**Recorded information**
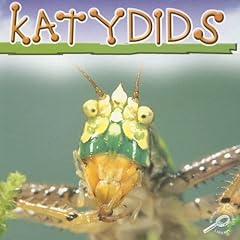 Katydids for sale  Delivered anywhere in UK
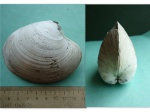 Cyprina sp.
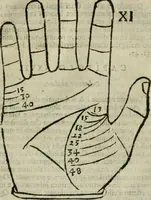 An illustration from Epitoma chyromantico di Patritio Tricasso da Cerasari Mantouano : nel quale si contiene tutte l'opere per esso Tricasso in questa scientia composte, con assai figure, & dichiarationi agiunte ; facilissimo ad imparare, & in breuissimo tempo (1538)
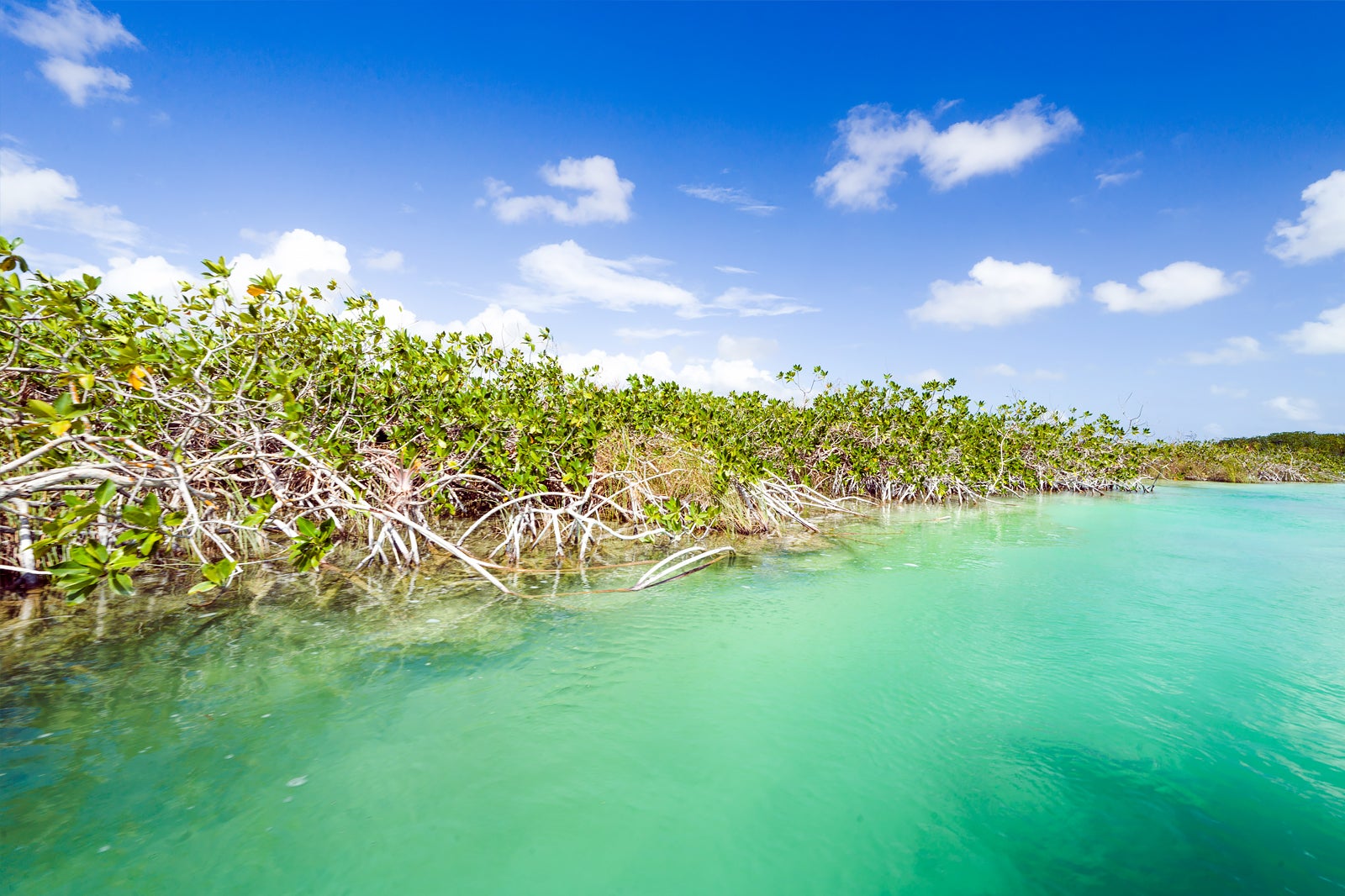 Exploring the Exotic Wildlife of Mexicos Sian Kaan Biosphere Reserve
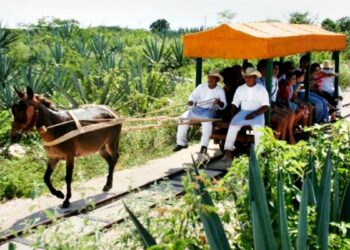 De acuerdo con la Secretaría de Turismo estatal, Yucatán cuenta con aproximadamente 300 haciendas, muchas de las cuales sin duda te robarán el aliento. Foto: Cortesía Sefotur.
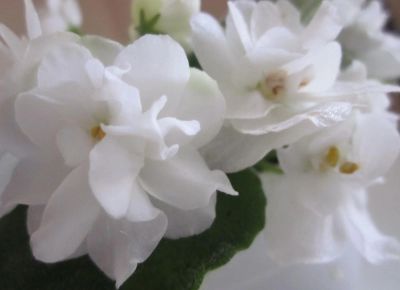 Лот: 5275261. Фото: 1. лист фиалки - белая. Горшечные растения и комнатные цветы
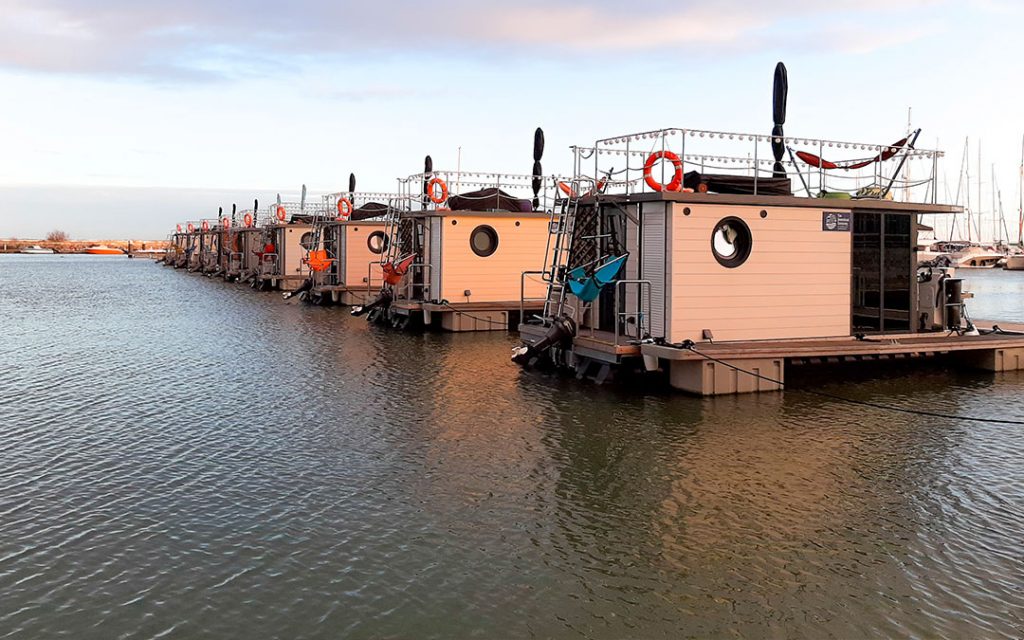 Sostenibilidad ambiental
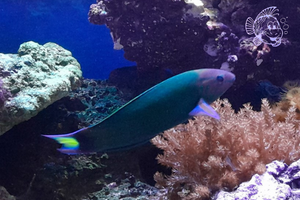 Thalassoma Lunare Taille S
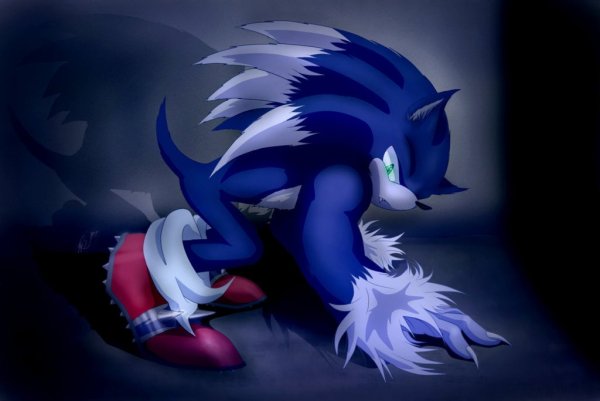 Соник Werehog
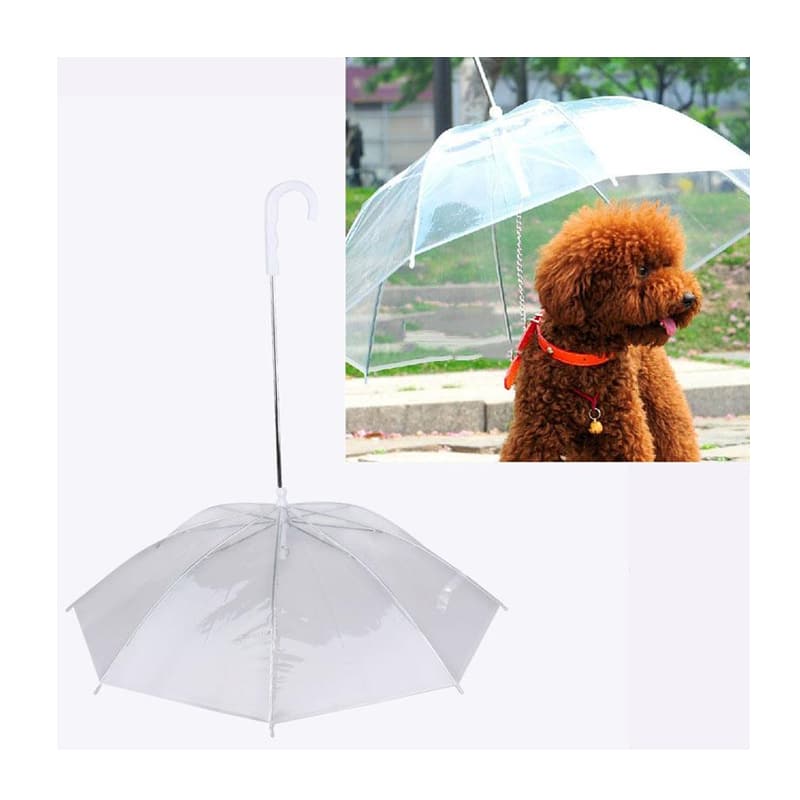 Paraguas para Perro con Cadena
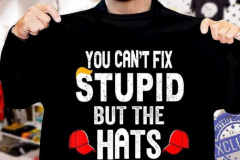 20250730-cant-fix-stupid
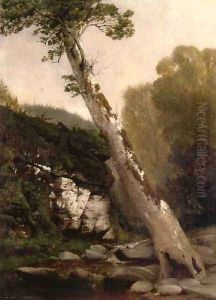 Sycamore, Catskill Clove, Below Haines Falls by John Williamson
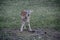 Young mouflon on grass in park.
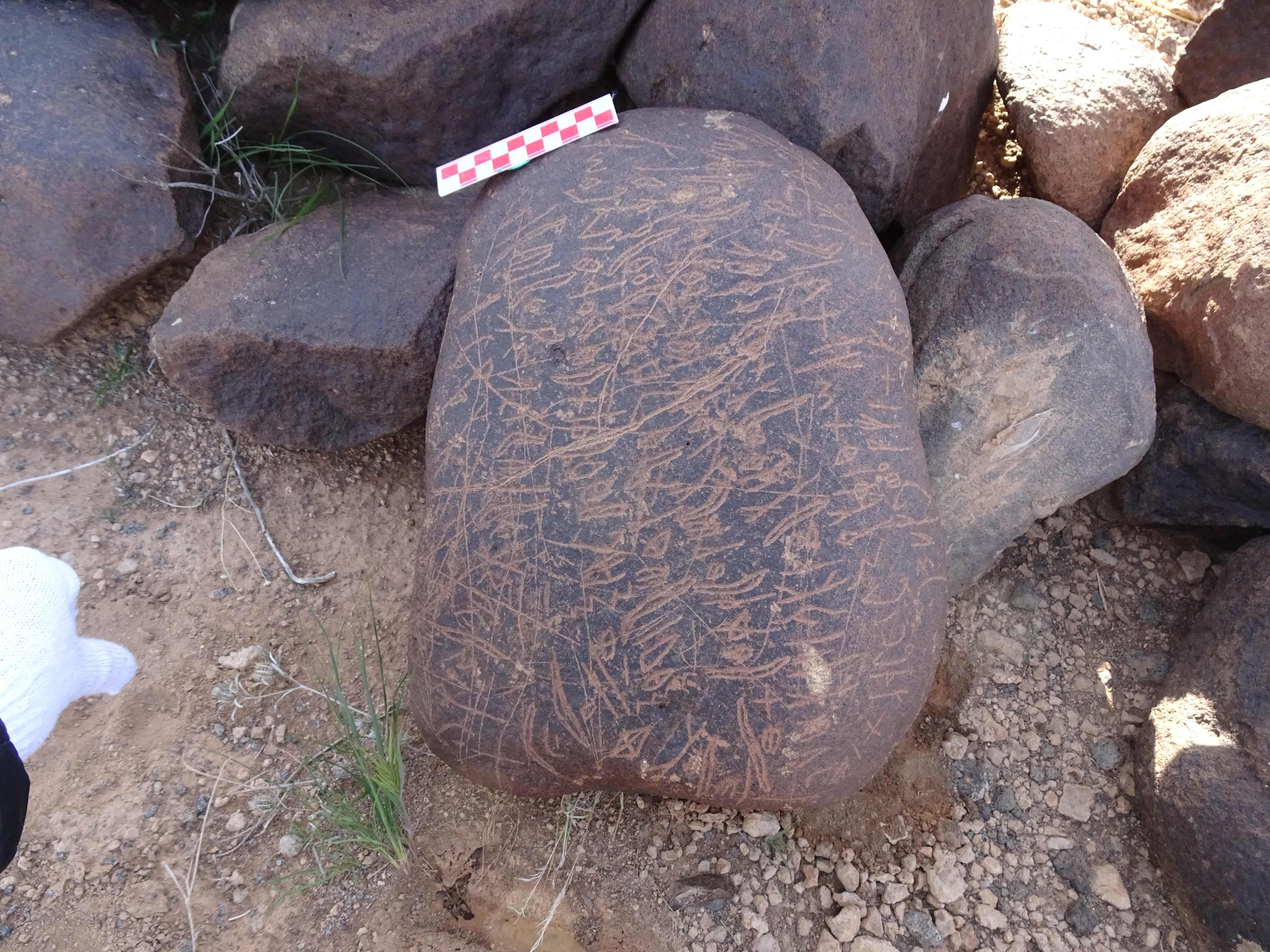 Image of siglum BES20 1699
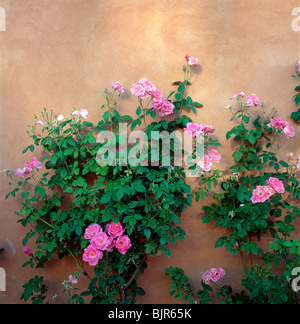 Rose rosa salire un muro di adobe lungo Canyon Road, sito di gallerie e negozi, Santa Fe, New Mexico, Stati Uniti Foto Stock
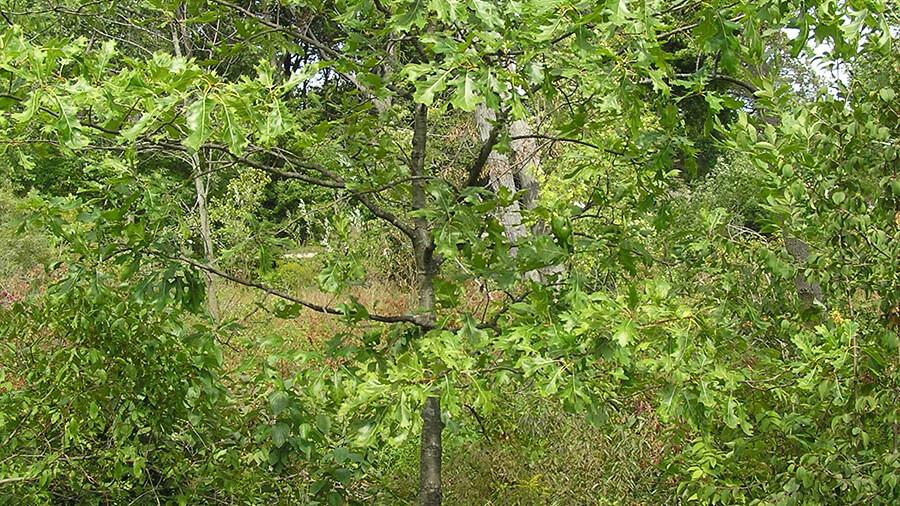 Oak tree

**About this exercise**
Transcribe the span of lines that runs from the line with "Thalassoma Lunare Taille S" to the end of the data, both ends included, exactly, with nothing else and no pictures.

**Solved exercise**
 Thalassoma Lunare Taille S
 Соник Werehog
 Paraguas para Perro con Cadena
 20250730-cant-fix-stupid
 Sycamore, Catskill Clove, Below Haines Falls by John Williamson
 Young mouflon on grass in park.
 Image of siglum BES20 1699
 Rose rosa salire un muro di adobe lungo Canyon Road, sito di gallerie e negozi, Santa Fe, New Mexico, Stati Uniti Foto Stock
 Oak tree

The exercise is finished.